Task statement =
Take the line containing "Robe de Cérémonie Midi Bleu Marine ABK2665" through the last line of the data and retype those lines exactly. Pictures do not belong in the copy.

Input data =

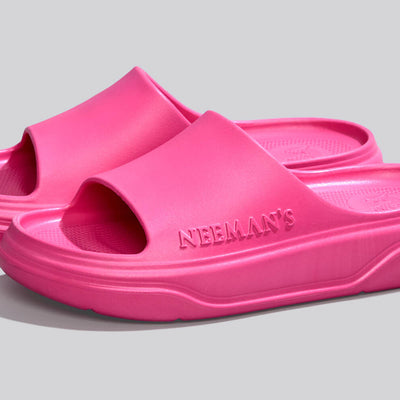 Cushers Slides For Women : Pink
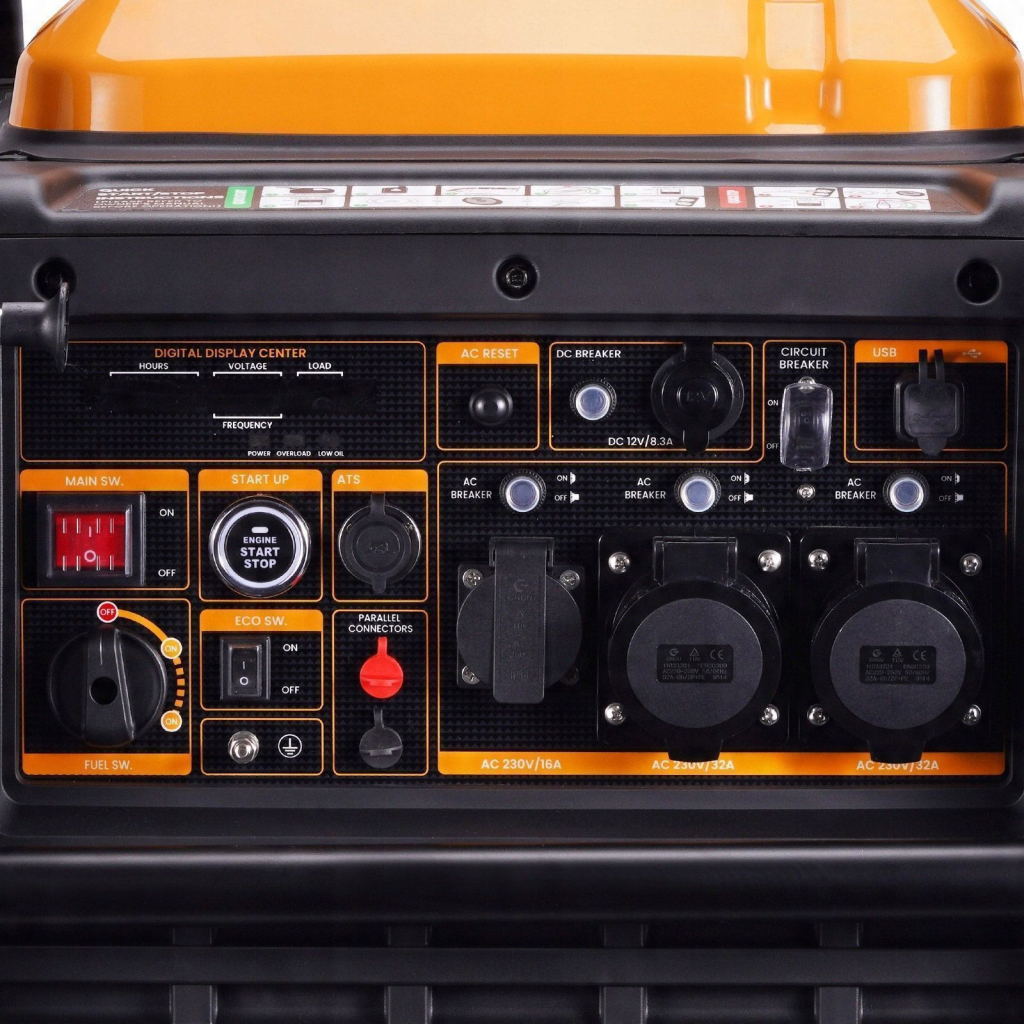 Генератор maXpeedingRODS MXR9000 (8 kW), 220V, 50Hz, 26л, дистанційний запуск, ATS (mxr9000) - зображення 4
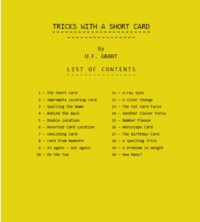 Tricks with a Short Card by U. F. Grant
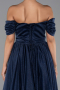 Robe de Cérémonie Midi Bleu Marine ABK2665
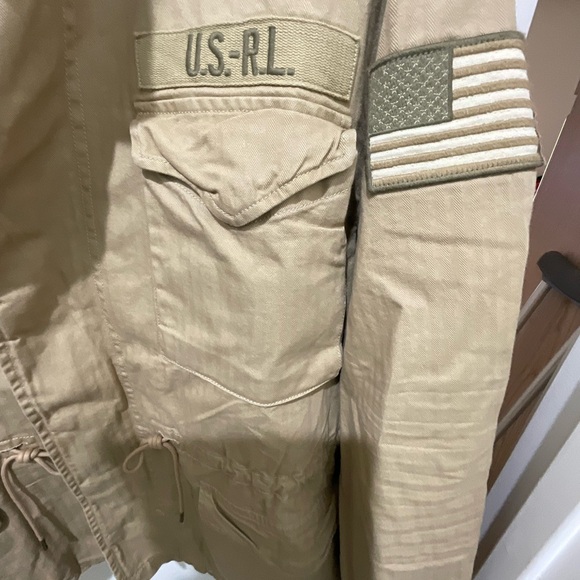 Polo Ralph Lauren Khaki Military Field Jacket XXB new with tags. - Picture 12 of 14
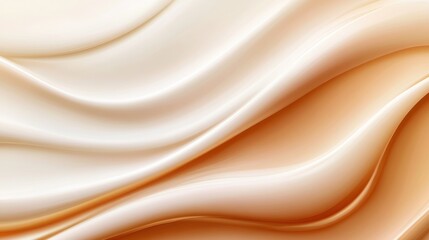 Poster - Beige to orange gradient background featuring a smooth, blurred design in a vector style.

Solution to this problem =
 Robe de Cérémonie Midi Bleu Marine ABK2665
 Polo Ralph Lauren Khaki Military Field Jacket XXB new with tags. - Picture 12 of 14
 Poster - Beige to orange gradient background featuring a smooth, blurred design in a vector style.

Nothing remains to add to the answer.